The simplest install ever

The install is easy, just check the latest release and it extracts to a single executable:

curl -qsL https://github.com/PostgREST/postgrest/releases/download/v9.0.0/postgrest-v9.0.0-linux-static-x64.tar.xz | \
tar -xJvf -

This creates a 16MB postgrest binary in the current directory.

The simplest config ever

Better than an online help, the executable can generate a configuration file template ready to customize:

./postgrest -e > my_rest_configuration.conf

You can update this configuration, defining at least the connection url db-uri in the libpq format.

But I'll do even simpler for this demo, using environment variables only:

PGRST_DB_URI="postgres://yugabyte:yugabyte@$(hostname):5433/yugabyte" \
PGRST_DB_SCHEMAS="public" PGRST_DB_ANON_ROLE="yugabyte" \
PGRST_DB_CHANNEL_ENABLED=false ./postgrest &

This starts the PostgREST server with a pool of connections to the local endpoint, database "yugabyte", schema "public". I disabled the "DB Channel" because LISTEN/NOTIFY is not enabled in YugabyteDB (this mecanism is not appropriate for a distributed database).

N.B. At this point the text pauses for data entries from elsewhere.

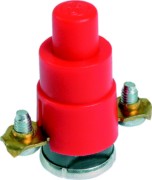 Thermoschutzschalter 1-polig 900.180 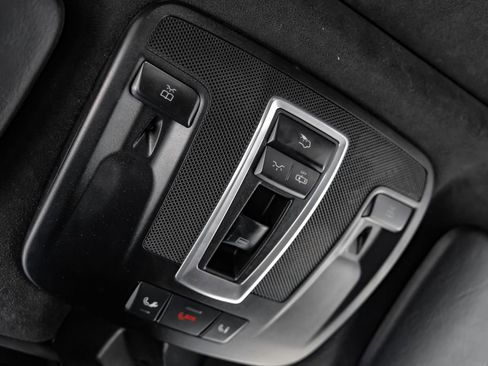 Used 2017 Mercedes-Benz G 63 AMG 4MATIC image 22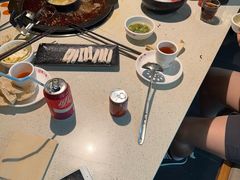 -家一加火锅(绿地翠谷总店)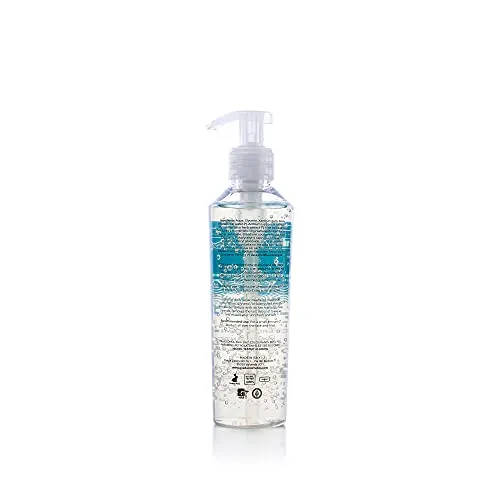 Gyada Daily Skin Routine Gel Purificante 200 ml pelli grasse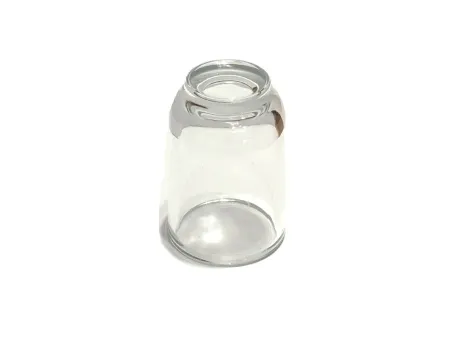 OSADNIK SZKLANY FILTRA PALIWA URSUS C385 933224 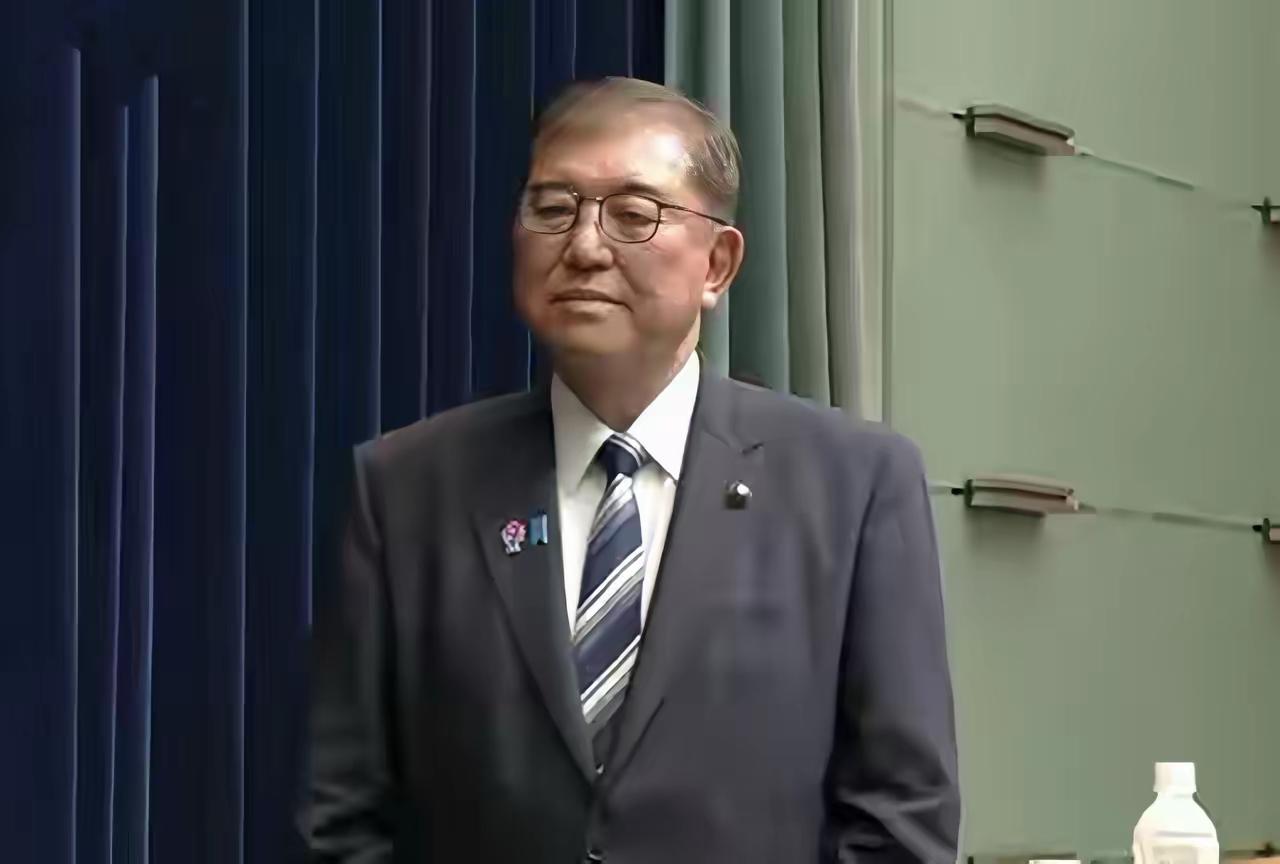 最新消息！
就在刚刚，日本宣布！

在美国强烈施压下，决定暂不承认巴勒斯坦国。这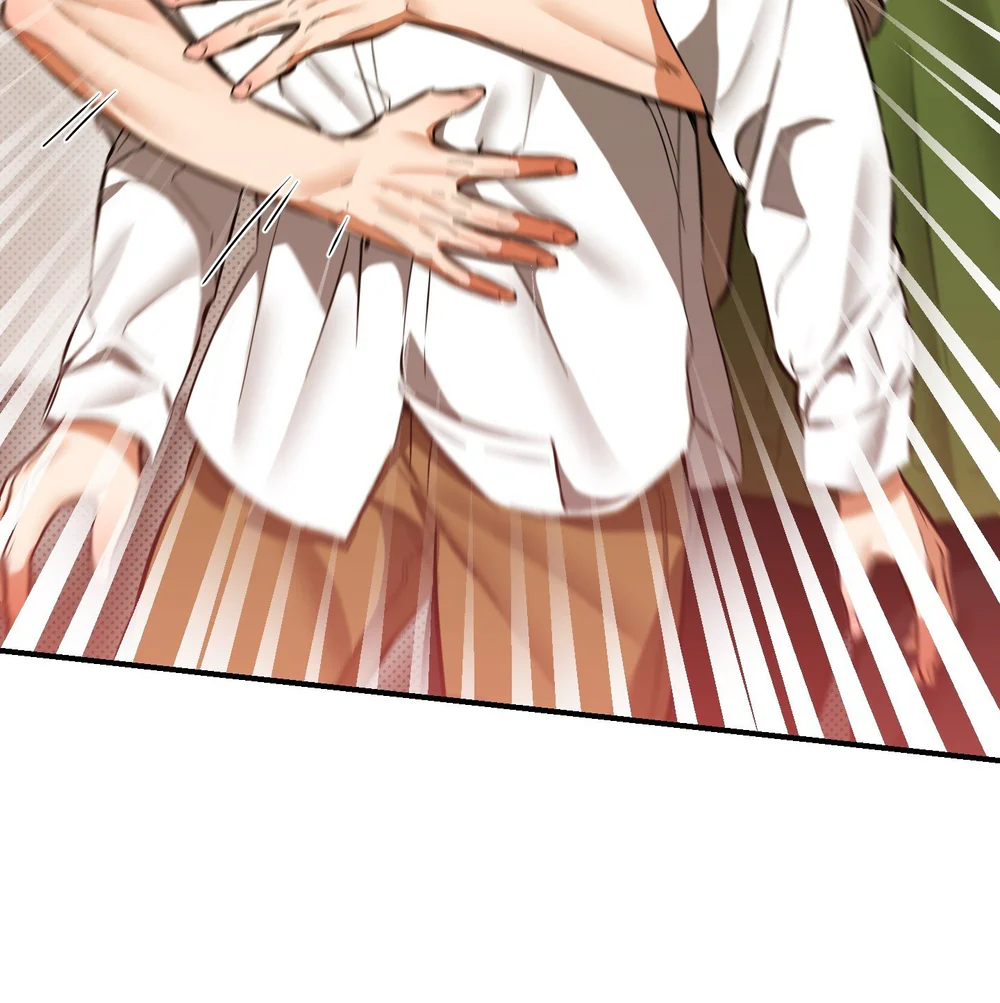 CẬU NHÓC ĐÁNG YÊU CỦA TÔI Chapter 23 Trang 40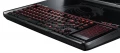 MSI GT80S (6QE-013US)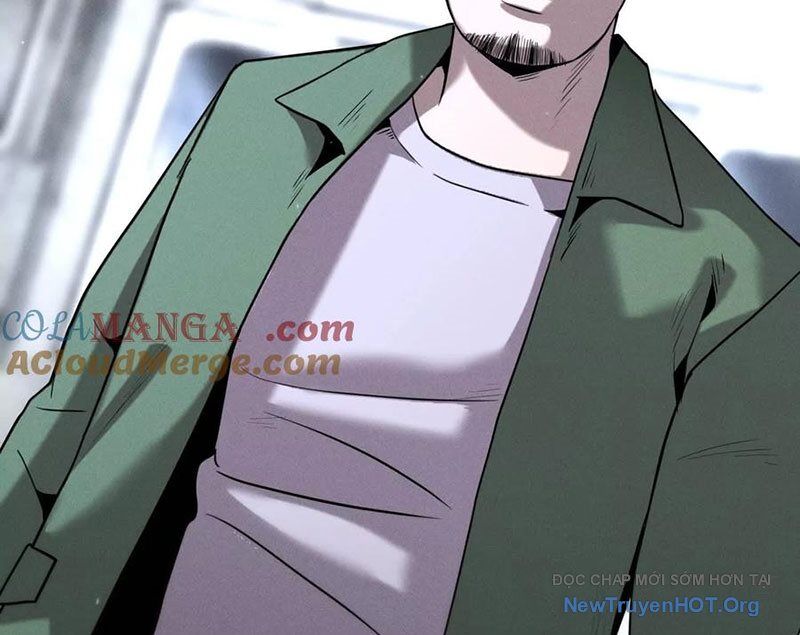 Trò Chơi Vô Vọng - Chapter 15 - Page 32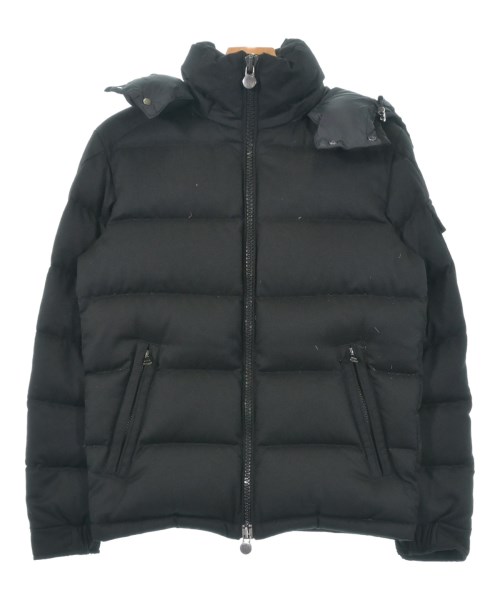 モンクレール(MONCLER)のMONCLER ダウンジャケット/ダウンベスト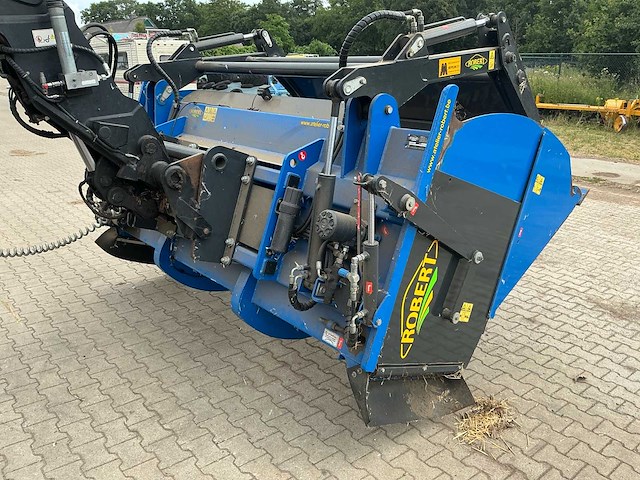 2017 robert bt 3402 -bg3 voerwagens - afbeelding 7 van  23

If you created the procedure after starting the PostgREST deamon, you need to refresh the cache with: pkill -10 postgrest to signal for cache re-load.

I'm keeping it simple for this demo, but of course, it can be configured for performance and security. With all defaults, it listens to port 3000.

REST calls

I can now use this REST proxy to call my rate limiting function.

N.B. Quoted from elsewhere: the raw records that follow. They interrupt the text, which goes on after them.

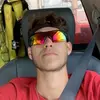 Devin Sayles - @devinsayles - TikTok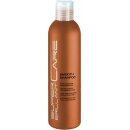Super Brillant Care Smooth Shampoo 250 ml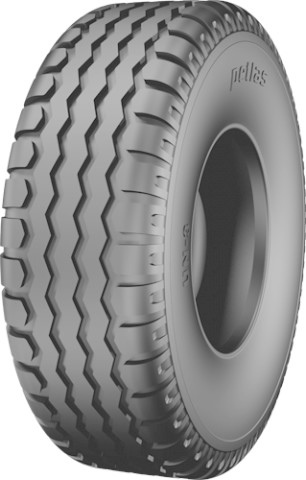 Petlas UN 5 10.0/80-12 122A8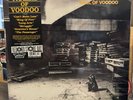 Wall Of Voodoo - Wall of Voodoo RSD Ltd. Vinyl 2024 Record Store Day SEALED
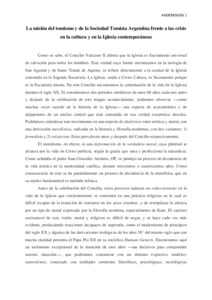 mision-tomismo.pdf.jpg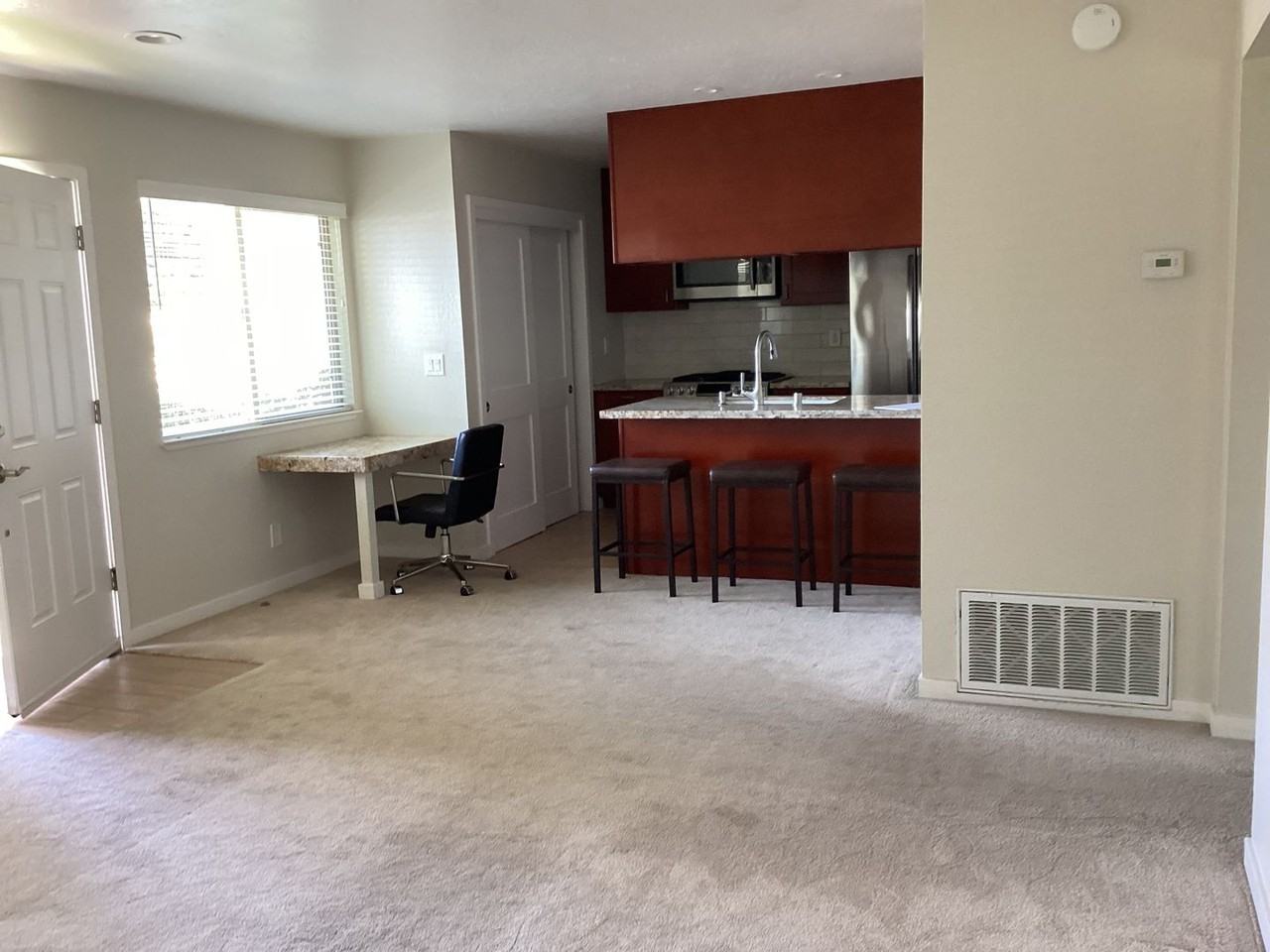 4330 Diamond St #1 - Photo 4 of 11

There is nothing more to define because PostgREST reads the schema. The namespace of the stored procedures and functions is exposed in http://localhost:3000/rpc and the parameters are passed as a JSON document. Here is a call getting a token for "user1" with a refill rate of 1 token per second:

echo $( 
curl -qs \
http://localhost:3000/rpc/rate_limiting_request \
-X POST -H "Content-Type: application/json" -d '
{ "rate_id": "user1", "refill_per_sec": 1 }
')

Here is the result:

I have 60 tokens remaining because my function has a default window of 60 seconds, filled with the rate of 1 tocken per second.

Threads

From my Java program and with this cluster, I was able to get 1000 tokens per second from threads requesting tokens from different users and 120 per second. Here is a python script to do the same though the REST API:

import threading
import time
import requests
import sys

def request_tokens(id,num):
 tokens=0
 start = time.time()
 for i in range(1,num):
  response=requests.post('http://localhost:3000/rpc/rate_limiting_request', json={ "rate_id": id, "refill_per_sec": 1000000 })
  if response.status_code==200:
   tokens=tokens+1
  print("{0} tokens/s".format(tokens/(time.time()-start)))

threads=[]
for i in range(0,int(sys.argv[1])):
 threads.append(threading.Thread(target=request_tokens,args=(i,1000)))
for t in threads:
    t.start()
total=0
for t in threads:
    t.join()

This runs 1000 loops in 50 thread:

python franck.py 50

What is interesting is that the overhead is very small:

On this node, the postgrest deamon uses less CPU than the calling program python and the database itself yb-tserver. You can see 10 postgres backends because PostgREST has a connection pool, which is the best to guarantee predictable performances.